Necessary & Sufficient

Justin Searls edited this page Aug 15, 2015 · 5 revisions
Clone this wiki locally

Jim Weirich used the phrase "Necessary & Sufficient" to describe tests that were both complete specifications of their subject and contained nothing superfluous that would tie the hands of the implementation unnecessarily. It sounds obvious in hindsight, but is a handy concept to keep in mind when evaluating the quality of a test.

Necessary

Only test the behaviors you know you need to care about. For example, if the desired behavior of a particular edge case doesn't truly matter yet or isn't fully understood, don't write a test for it yet. Doing so would restrict the freedom to refactor the implementation. Additionally, it will send the signal to future readers that this behavior is actually critical, when it very well might not be (perhaps a form of accidental creativity.

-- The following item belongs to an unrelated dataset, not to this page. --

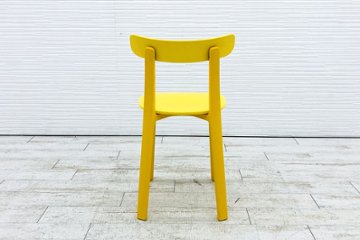  Vitra All Plastic ヴィトラ オールプラスチックチェア 中古 中古オフィス家具 スタッキングチェア バターカップ画像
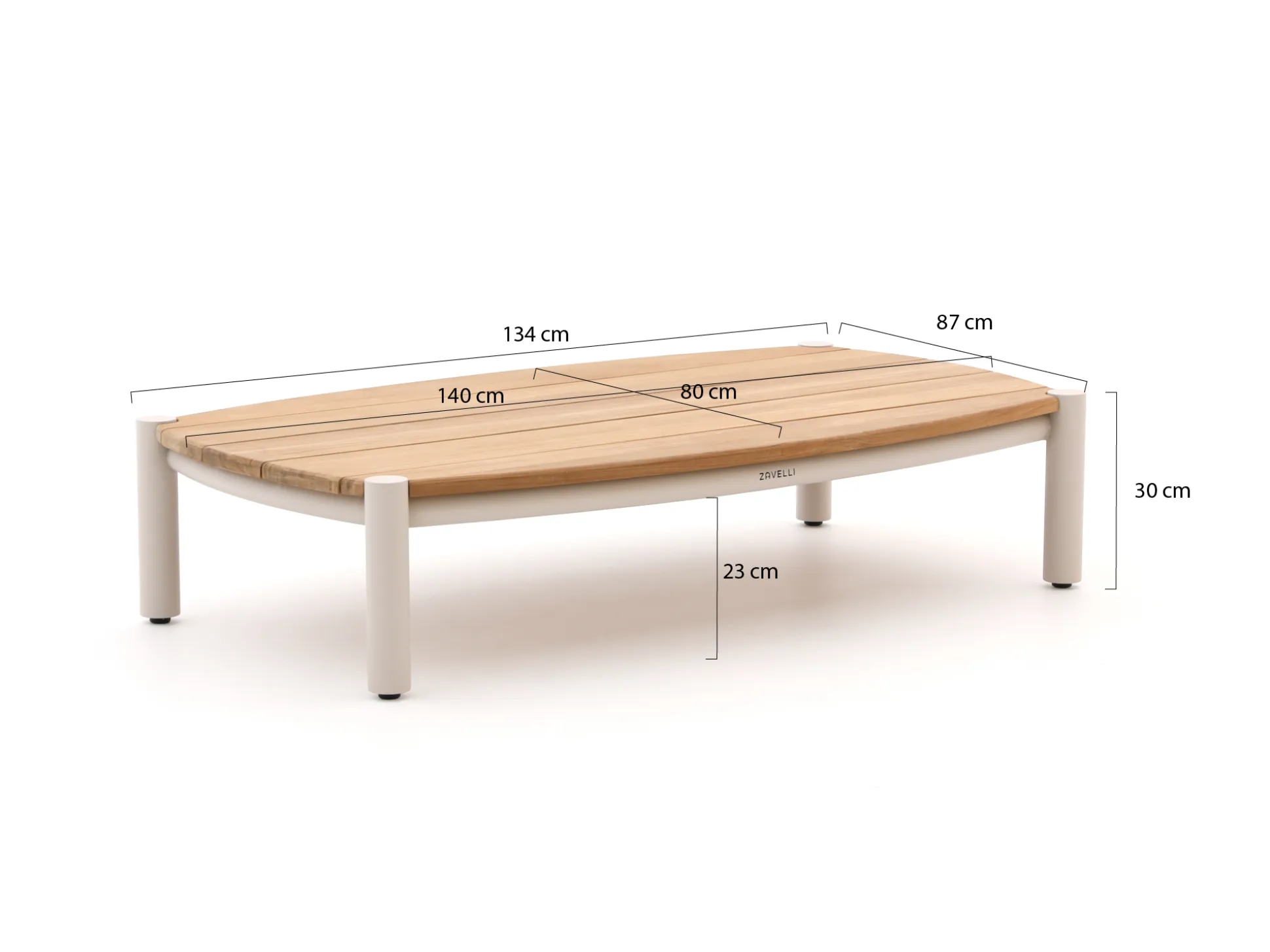 Zavelli Cuore lounge tuintafel 140x80x30cm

Examples of unnecessary tests follow.

Unreachable edge cases

Suppose the developer knows that input validation occurs higher in the call stack such that their subject will never receive a nil input. However, in the interest of completeness on a test-by-test basis, they write this test:

describe '#call' do  
  When(:result) { subject.call(nil)
  Then { expect(result).to have_failed(UnexpectedNilError) }
end

Which would require a guard clause that both clutters up the method definition and is knowingly unreachable in the production application:

def call(input)
  raise UnexpectedNilError.new("WHY????") if input.nil?
  #...
end

These sorts of tests are a type of future proofing, and the added carrying cost to the codebase is generally not worth their perceived potential benefits.

Sufficient

"Sufficient" in this case means that each test actually specifies all the behaviors the author wants to ensure the subject exhibits.

Examples of insufficient tests follow

Insufficient assertions

def add(a,b)
  a + b
end

describe '#add' do
  When(:result) { subject.add(5, 3) }
  Then { expect(result).not_to be_nil }
end

The above will indeed test something gets returned, but not that adding is occurring.

Liberal stubs

Here, for an isolation test:

describe '#call' do
  Given(:dependency1) { double.stub(:foo) { :value1 } }
  Given(:dependency2) { double.stub(:bar) { :value2 } }
  Given(:dependency3) { double.stub(:baz) { :value3 } }
  When(:result) { subject.call(dependency1, dependency2, dependency3) }
  Then { expect(result).to eq(:value3) }
end

Is almost certainly insufficient, because the stubs will unconditionally return their values instead of matching on their inputs. That means an implementation of call of simply return dependency3.baz will pass, even though dependency1 and dependency2 were never invoked. A sufficient test would instead use stubs that were conditional upon the inputs of the prior dependency in the chain:

describe '#call' do
  Given(:dependency1) { double.stub(:foo) { :value1 } }
  Given(:dependency2) { double.stub(:bar).with(:value1) { :value2 } }
  Given(:dependency3) { double.stub(:baz).with(:value2) { :value3 } }
  When(:result) { subject.call(dependency1, dependency2, dependency3) }
  Then { expect(result).to eq(:value3) }
end

Is sufficient, because it will require the implementation the author probably intended of dependency3.baz(dependency2.bar(dependency1.foo)).